Binyam Mohamed ruling: Judges will re-consider public disclosure of UK complicity in torture
May 8, 2009
The High Court has announced that it will re-open its original judgment that details of the torture of former Guantánamo Bay detainee Binyam Mohamed should remain secret in the interests of national security.
In February the High Court refused the application of Mr Mohamed and a coalition of media organisations seeking public disclosure of details of his ill-treatment at the hands of the CIA and Pakistani intelligence services. The Court had already found that the British Security Services had colluded in his illegal treatment. After the Foreign Secretary informed the Court that US had threatened to down-grade intelligence sharing with the UK if details were made public, the Court judged that it had no choice but to refrain from publishing details.
However after judgment was delivered, David Miliband immediately went on public record to deny that the statements made by the US Government constituted a threat. It also transpired that no-one had even asked the new Obama administration whether it took the same view as its Bush predecessor.
Mr Mohamed, represented by Leigh Day & Co and Reprieve, and backed by a coalition of media organisations, immediately applied to the Court to re-open its judgment on the basis that the Court, deliberately or otherwise, had been misled as to the consequences of disclosing details of the criminal acts against Mr Mohamed.
Despite repeated requests, Mr Miliband refused to clarify the situation and following oral argument at a hearing on 22 April, Lord Justice Thomas and Mr Justice Lloyd Jones have now announced that they will re-open their judgment. They will publish full reasons for their decision shortly.
Mr Miliband is to be given a final opportunity to present evidence to the Court of the true situation if he wishes to continue to seek to suppress the details of Mr Mohamed’s treatment. The Court will then reconsider the question of whether it will publish those details. It is anticipated that the issue will finally be determined in June.
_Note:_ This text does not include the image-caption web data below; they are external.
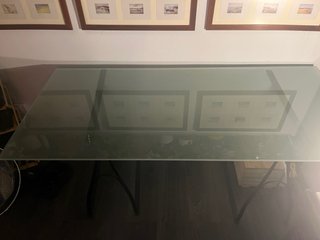 Mesa de cristal con patas de hierro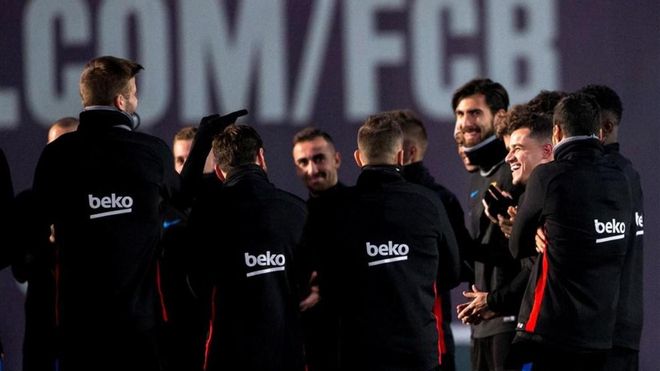 Coutinho sonríe en un entrenamiento rodeado de sus compañeros Coutinho sonríe en un entrenamiento rodeado de sus compañeros
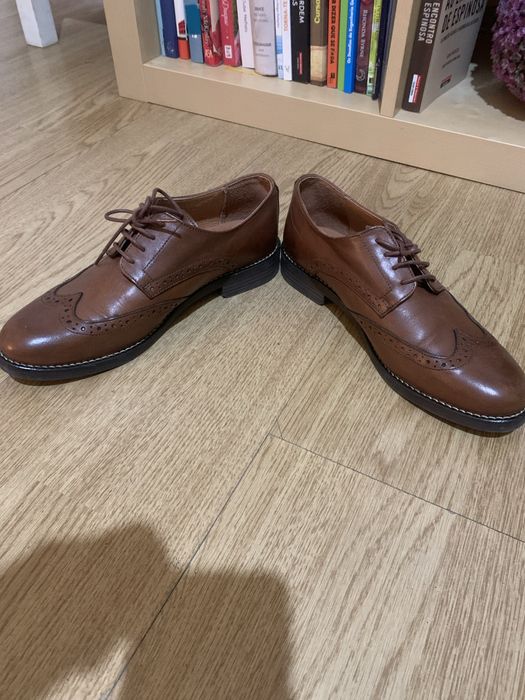 Sapatos de Pele Castanhos Novos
Clive Stafford Smith, Director, of Reprieve, said: “It is long past time that this evidence was made public. How can it be that two governments that purport to uphold the rule of law be working together to cover up crimes committed against Binyam Mohamed?”
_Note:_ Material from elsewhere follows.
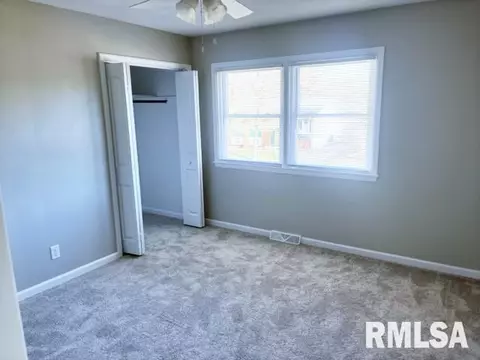 33 Foresters Ln, Springfield, IL 62704 photo 6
Richard Stein of Leigh Day & Co commented: “This decision is good news for open justice. The Judges have shown that they will not be fobbed off by political or diplomatic spin. If David Miliband continues to try and suppress the embarrassing details of British involvement in Binyam’s torture he will now have to present proper evidence to the Court to back up his arguments.”
Notes for Editors:
Reprieve, a legal action charity, uses the law to enforce the human rights of prisoners, from death row to Guantánamo Bay. Reprieve investigates, litigates and educates, working on the frontline, to provide legal support to prisoners unable to pay for it themselves. Reprieve promotes the rule of law around the world, securing each person’s right to a fair trial and saving lives. Clive Stafford Smith is the founder of Reprieve and has spent 25 years working on behalf of people facing the death penalty in the USA.
Reprieve’s current casework involves representing 33 prisoners in the US prison at Guantánamo Bay, working on behalf of prisoners facing the death penalty, and conducting ongoing investigations into the rendition and the secret detention of ‘ghost prisoners’ in the so-called ‘war on terror.’